The Water Dancer - Ta-Nehisi Coates Page 0,10

them, but the books were what held my eyes. I had seen books before—there were always one or two of us down on the Street who could read and who kept old journals or songbooks in their cabins—but never so many, shelves from floor to ceiling on every wall. I did my best not to stare. I knew what happened to coloreds who were too curious about the world beyond Virginia.

Diverting my eyes from the books, I saw my father, dressed down to his waistcoat and shirtsleeves, seated in one corner of the room, watching me and watching Roscoe. Turning my head, I saw in the other corner a boy, older than me, and white. By some trick of the blood, I knew at once that this was my brother. My father waved his hand lightly, effortlessly, and I saw that Roscoe recognized in this motion that he must take his leave. And so he turned, as though executing a military maneuver, and disappeared back behind the sliding wall. And I was there alone with my father, Howell Walker, and with my brother, and they both regarded me in curious silence. I reached into my pocket and found the copper coin and fingered its rough and uneven edges.

3

MY ASSIGNMENT CAME DOWN from my father to Desi to Thena to me—make myself useful. So each day I would rise before the sun, as did all the Tasked, and walk about the house, fitting in where I could—raising the kitchen fires for Ella, the head cook, fetching the milk from the dairy, retrieving the trays after breakfast—or labor outside with Roscoe, washing and grooming the horses, or in the apple orchard with Pete, grafting saplings. There was always work to be done, for while the needs of the house had not diminished, the numbers of the Tasked had, and that was my first inkling that even here in the house the Tasked could be sent Natchez-way. I worked energetically, more still when, from time to time, I would catch my father glancing my way with a thin sidelong smile. He’d found a use for me.

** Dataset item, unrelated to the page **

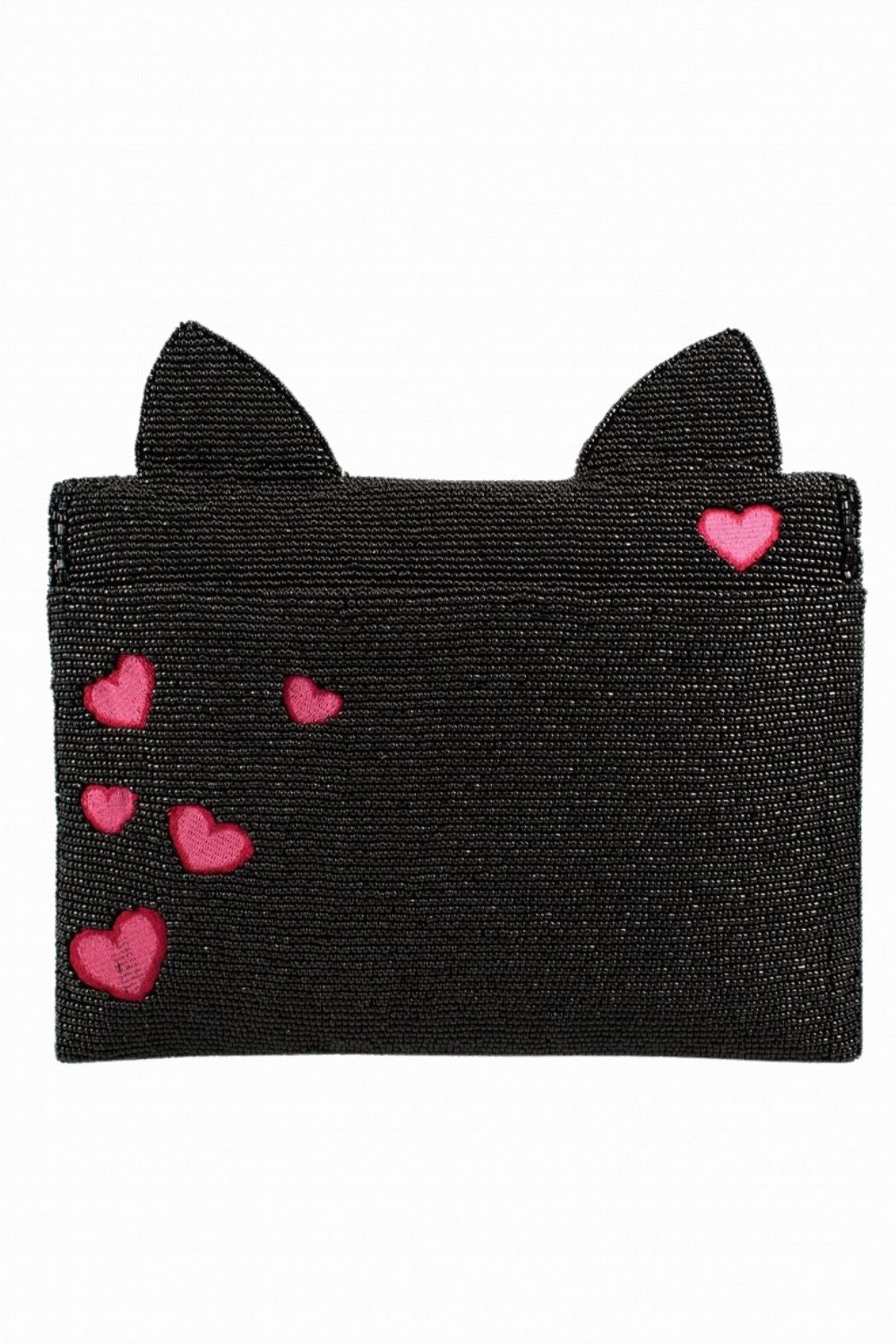 MARY FRANCES KITTY COUTURE BLACK + PINK BEADED CAT CROSSBODY HANDBAG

It was autumn of my thirteenth year, four months after I took up residence in the main house. My father had called for a social to celebrate the season. All day a kind of private fatigue blanketed those who tasked in the house. Early that morning I brought the eggs up to Ella, whose large and welcoming smile I’d come to regard as a natural portion of the morning. But nature was beside itself this day, so that when I came upon Ella with my wicker basket of eggs, she only shook her head and motioned for me to put the eggs on the table where Pete stood picking through a bushel of apples.

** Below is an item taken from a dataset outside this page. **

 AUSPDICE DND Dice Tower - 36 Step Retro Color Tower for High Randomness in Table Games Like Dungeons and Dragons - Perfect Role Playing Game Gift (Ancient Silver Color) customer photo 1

Ella sidled next to Pete, cracked and separated six eggs, and then beat the whites. She spoke just above a whisper and would not give full vent to her feelings. “They don’t think about nothing and nobody,” Ella said. “It’s wrong, Pete. And you know it’s wrong.”

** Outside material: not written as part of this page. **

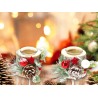 6x Porta Candele Natalizio in Legno Segnaposto di Natale supporto in v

“It’s all right, Ella,” he said. “It’s worse things to be wrathy about.”

“Ain’t wrathy. Just want some consideration. Is that too much? Was supposed to be small supper tonight. How it spread out to the whole county?”

“You know what it is,” Pete said. “You know what is going on with them.”

“No, I don’t,” Ella said. “Hi, get me that rolling pin. And get that fire going, will you?”

“You got eyes, you know. It ain’t like it was. The gold leaf ain’t what it was. All the old families gone west. Tennessee. Baton Rouge. Natchez. Them kinda places. Ain’t too many left. And those that’s still here feel a tightness between them. They holding on. Small supper bigger to them now. Don’t none of ’em know who moving out next. This goodbye might be they last.”

Now Ella laughed quietly to herself but it felt boisterous and mocking, wide enough that I wanted to join her though there was nothing funny going on. “Hi, that thing there, baby,” she said, motioning to the shelves. When she called me baby, I got warm inside. I left the fire and took the dough cutter off the shelf and brought it over. Ella was still laughing to herself. She looked up and gave that large and welcoming smile.

Then the smile shrank and she looked dead at me, looked through me almost, and then turned to Pete, “I don’t care nothing for they feelings.